Герои и сюжет книги перекликается с русским фольклором, название группы «Зимовье зверей» тоже отправляет нас к устному народному творчеству... Можно ли говорить о вашей особой любви к русским сказкам?

— Я люблю сказки вообще, не только русские. Ну а русские — это даже не любовь, а это именно почва, на которой вырос. Это же были первые сказки, которые я услышал: русские народные, сказки Пушкина, «Конёк-Горбунок». В школьные годы, когда одноклассники читали уже вовсю о войне и первой любви, я поглощал сборники сказок, для меня это было самое увлекательное чтение. И вот оно всё вдруг перебродило во мне и воплотилось сначала в название «Зимовье Зверей», затем в музыкальную сказку «Звери ищут лето», а потом и в сюжет об Иване, Кощеевом сыне и мужичке Горшене. Я не изучаю фольклор специально, никогда этим не занимался, но, видимо, эти сказочные сюжеты и персонажи очень глубоко во мне засели. В нужный момент они вдруг выскакивают наружу, на бумагу, и, переработанные моим личным жизненным опытом, преображаются во что-то новое, обретают новую жизнь.

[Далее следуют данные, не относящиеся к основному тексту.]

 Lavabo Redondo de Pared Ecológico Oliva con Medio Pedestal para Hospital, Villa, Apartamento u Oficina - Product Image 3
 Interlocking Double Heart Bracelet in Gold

Кто из героев книги вам наиболее симпатичен? Является ли кто-нибудь из них вашим альтер-эго?

— Вообще-то, мне они все симпатичны. Я пытался даже в самых отрицательных персонажах нащупать что-то хорошее и показать это читателю. Но, наверное, Горшеню всё-таки я люблю чуть больше остальных. В нём есть та жизненная мудрость, которой во мне самом нет, я могу только стремиться к ней. И в этом смысле получается, что альтер-эго — это, скорее, Иван. Тем более, что тема рода, родителей, наследования родовой кармы — одна из очень важных в романе, и я, работая над книгой, прорабатывал таким образом собственные проблемы. Я начал писать книгу вскоре после того, как умерли мои родители — и это тоже было поводом для её создания. Так что Иван — это отчасти я сам.

Давайте немного пофантазируем! Если бы сейчас начали снимать фильм по мотивам сказки «Иван, Кощеев сын», кого бы вы представили в роли основных персонажей? Можете провести эдакий виртуальный кастинг?

— Интересная игра. Видите ли, мне хочется, чтобы это был не лубочный комикс, какие сейчас принято делать из сказочного материала, а скорее трагикомедия характеров, поэтому и актёры нужны такие, которые бы добавляли персонажам психологического объёма, раскрывали бы эти характеры даже ярче, чем в романе. Вот Александр Яценко вполне мог бы сыграть Ивана, весьма обогатив этот образ несказочной рефлексией и нервностью. Павел Деревянко мог бы стать Горшеней. А Сергей Белоголовцев — королём Фомианом. Ладно, давайте я не буду сдерживать свою фантазию, осмелею и назначу на роль отца Панкрация, главного инквизитора, Алексея Серебрякова. Другой инквизитор, отчим Кондраций — Роман Мадянов. На роль Чёрта возьмём Максима Леонидова. Ягу Васильевну по давней киношной традиции лучше всего сыграет мужчина — Фёдор Добронравов. Надя — Ирина Горбачёва. Марья Выдумщица — Юлия Ауг. По-моему, отличный ансамбль набирается! Я бы ещё позвал на роль Кощея Мэттью Макконахи, но, если он не сможет, то Карэн Бадалов сыграет не хуже. И вообще, шутки шутками, но я считаю, что моя книга обречена на экранизацию, так что пусть этот ваш вопрос станет пророческим. И мой ответ — тоже.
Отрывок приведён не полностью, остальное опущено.